Heere, ik zal U niet willen verlaten
U nooit in mijn leven willen haten.
Ik zal steeds voor Uw Naam en werk instaan
en zelfs voor U de dood in willen gaan.

Petrus, al wil je dit nog zo graag, mijn kind!
En ben je Mij dikwijls zo welgezind!
Je zult niet bij Mij blijven in de strijd
en blijven staan in je eigen zwakheid!

Petrus, je zult doen alsof je Mij niet kent
en alsof je nooit bij Mij geweest bent.
Je zult die keer niet de waarheid zeggen…
maar je bij grote leugens neerleggen.

Petrus, totdat driemaal de haan zal kraaien
en jij je hoofd zal moeten omdraaien!
Dan zal je daar zo schuldverslagen staan
en roepen: Heb ik dit Hem aangedaan?

Heere, ik zal U niet willen verlaten
U nooit in mijn leven willen haten.
Ik zal steeds voor Uw Naam en werk instaan
en zelfs voor U de dood in willen gaan.

Petrus… ken jij Jezus, was jij ook met Hem?
Volgde jij Hem, luisterend naar Zijn stem?
Nee, ik ken Hem niet, ik weet niet wie Hij is.
Ik was niet bij Jezus, dat is gewis…!

Gelijk na de derde keer…. kraaide de haan…
en voelde Petrus zich zo schuldig staan….
Had Hij gezegd wat Jezus had voorspeld?
Niet de waarheid aan anderen verteld?

Bitter wenend verging Petrus van verdriet…
Was hij het, hij het! die Jezus verliet?
Hij wilde alleen nog maar hard vluchten
om daar buiten diep te kunnen zuchten!

Petrus, in je eigen kracht kan je niet staan!
Dan zal al je geloof en hoop vergaan…
Maar toen jij zwak was heb Ik gebeden…
en in aanvechting voor jou gestreden…

Loop niet vooraan… maar kom achter Mij aan
want in je eigen kracht kan je niet bestaan…
Dan ben je steeds tot alle kwaad in staat
totdat je eigen ‘ik zal’ er aan gaat!

Wie blijft er dan over? Jij of Ik alleen?
En is het Christus, want waar anders heen….?
Gij hebt de woorden van ’t eeuw’ge leven
en mijn zware schuld willen vergeven.

Petrus… wat is er voor jou op de aarde?
Wat heeft er in je leven meer waarde?
Is het alles wat jou aan Mij verbindt?
En heb jij Mij lief? Ja! Mij lief, m’n kind?

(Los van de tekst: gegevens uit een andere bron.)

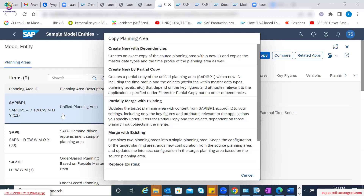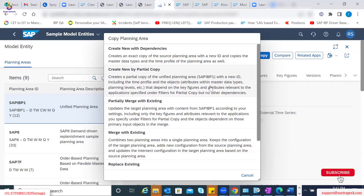With this specific partial copy option, you can create a planning area with a new ID including the time profile and the objects like attributes within the master data types or planning levels. But it also gives you the opportunity to filter out your key figures and attributes which are related to your applications. For example, if you only want to use this for S&OP and demand planning, you can choose those applications and only those key figures related to S&OP or demand planning will get copied instead of the entire dependencies. This way, you can keep your client-specific planning area comparatively lean, because it does not have unnecessary dependencies copied over.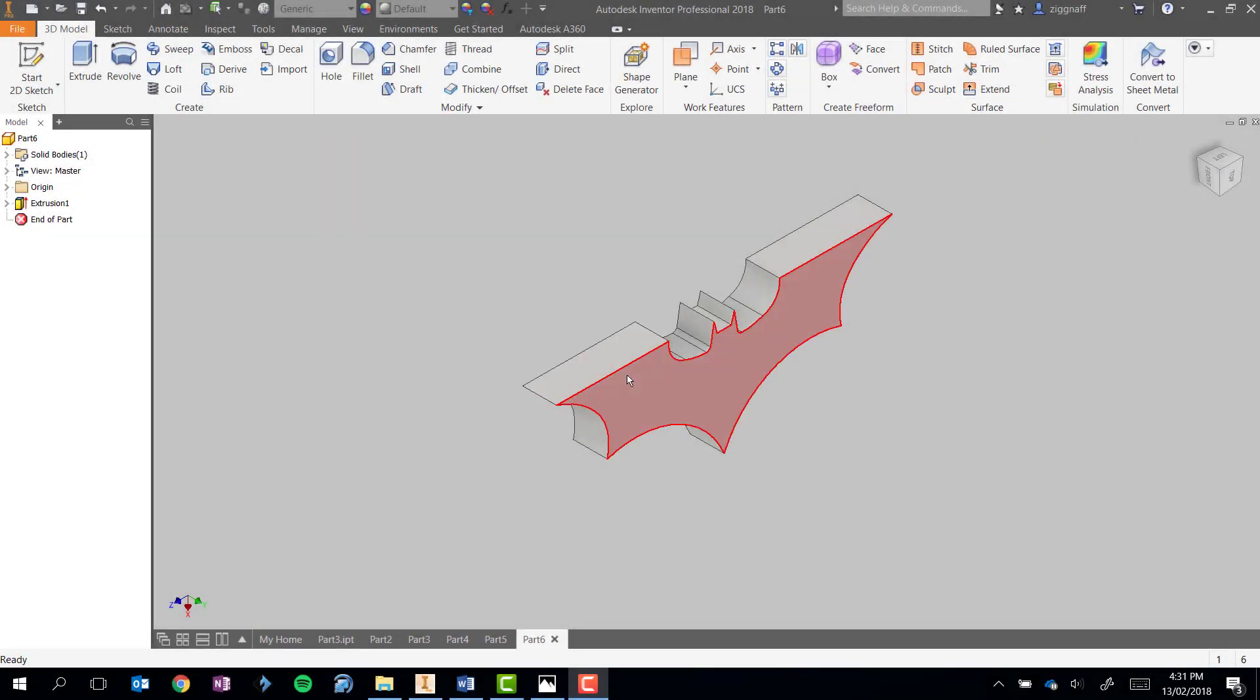I'm going to continue working on my Batman object now and add some text onto the face here that I can then either extrude or cut into the object.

Heere, Gij weet hoe dat ‘t alles in mij leeft…
dat ‘t aardse haar waarde verloren heeft.
Dat IK niet meer zal leven, maar Uw kracht…
in mijn zwakheid steeds zal worden volbracht….

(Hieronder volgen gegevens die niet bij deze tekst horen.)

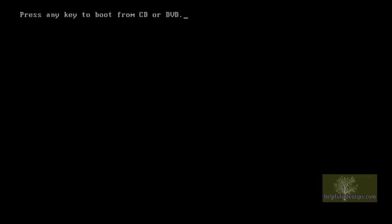With any luck, your computer will automatically boot from the CD or DVD and the message Press any key to boot from CD or DVD will appear on your screen. Press any key, such as the space bar, to continue.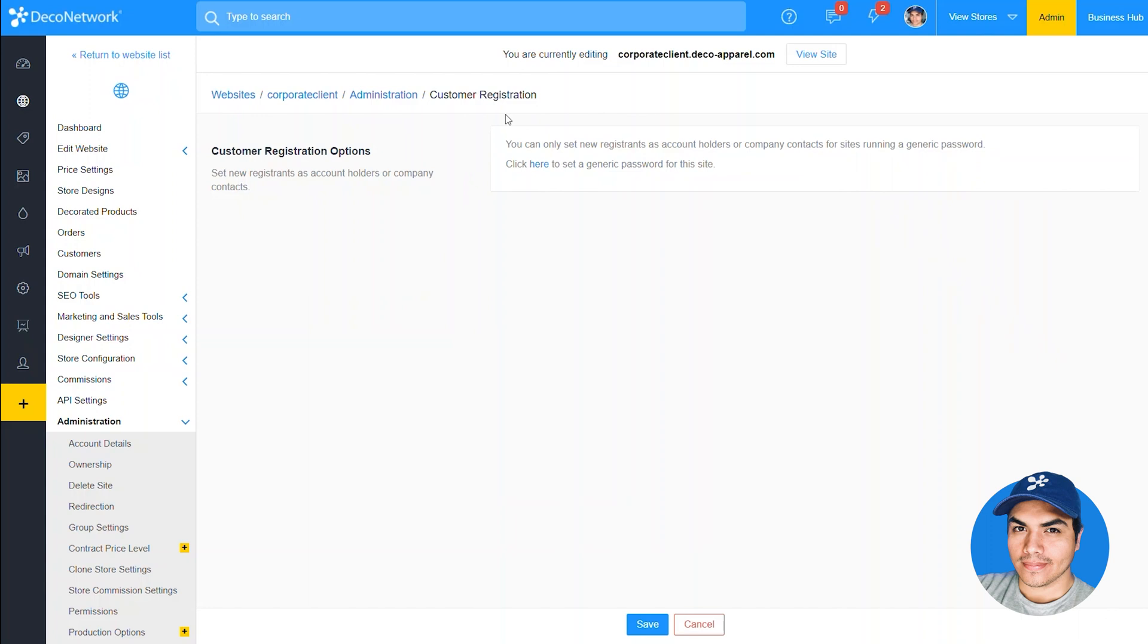The idea there being you don't necessarily want anyone just running across into this website through a web search and submitting orders because of the fact that you're going to be allowing orders without any upfront payment.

Vanuit mezelf ben ik tot niets goeds bekwaam
maar nú vertrouw ik alleen op Uw Naam.
Dan is er troost, verwachting en uitzicht....
dan is er zelfs in de duisternis, licht!

Dan zal Gods Koninkrijk worden voortgeplant!
Zijn Naam worde uitgebreid in ons land.
Dan zal God ons roepen tot Zijn arbeid…
en bij ons blijven tot in eeuwigheid!